» WHAT IS EXPECTED
Only what runs from the line with "Women’s brown and gold booties" to the end of the data should appear in the answer, exactly as written and without pictures.
DATASET CONTENT START
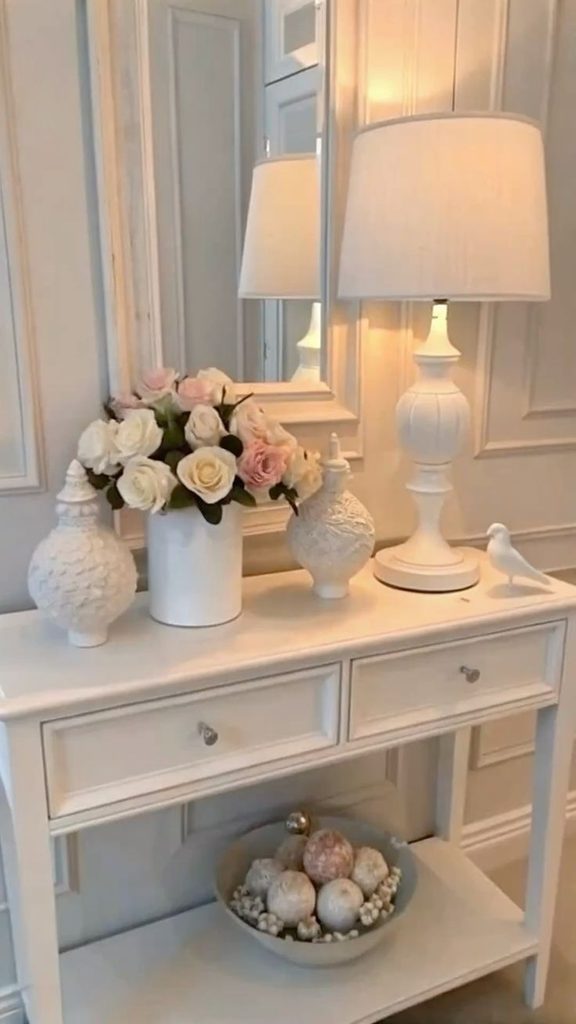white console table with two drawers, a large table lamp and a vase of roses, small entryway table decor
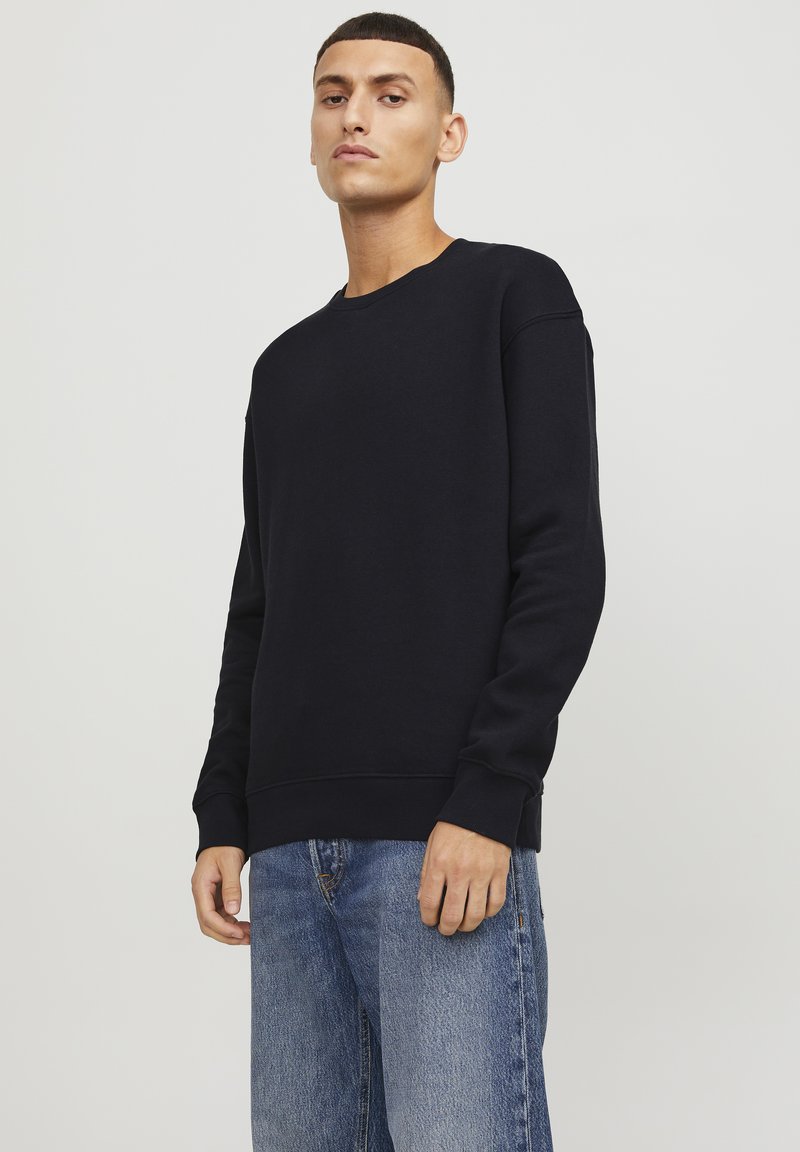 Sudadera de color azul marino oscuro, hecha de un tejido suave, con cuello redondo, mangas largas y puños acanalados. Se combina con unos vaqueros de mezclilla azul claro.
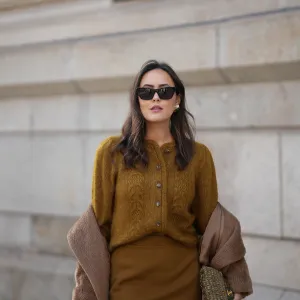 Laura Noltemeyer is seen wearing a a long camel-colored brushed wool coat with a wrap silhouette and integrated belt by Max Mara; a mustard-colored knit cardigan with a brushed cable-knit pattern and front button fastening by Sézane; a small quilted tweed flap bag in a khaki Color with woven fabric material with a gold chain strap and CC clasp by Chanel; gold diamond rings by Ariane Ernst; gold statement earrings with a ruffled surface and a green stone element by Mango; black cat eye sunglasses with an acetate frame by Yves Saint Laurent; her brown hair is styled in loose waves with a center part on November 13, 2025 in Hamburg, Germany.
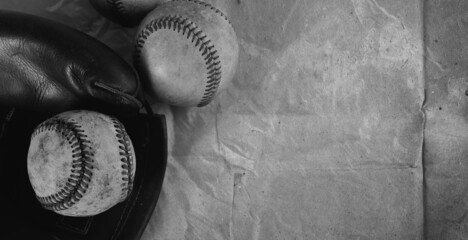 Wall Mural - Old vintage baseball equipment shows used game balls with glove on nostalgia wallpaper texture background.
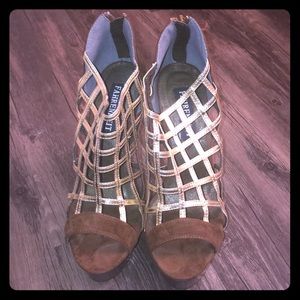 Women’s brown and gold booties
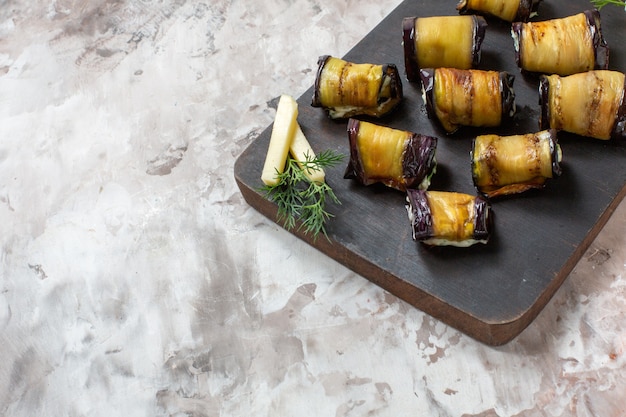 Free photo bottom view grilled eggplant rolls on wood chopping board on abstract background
DATASET CONTENT END
» RESPONSE FOR THIS EXERCISE
 Women’s brown and gold booties
 Free photo bottom view grilled eggplant rolls on wood chopping board on abstract background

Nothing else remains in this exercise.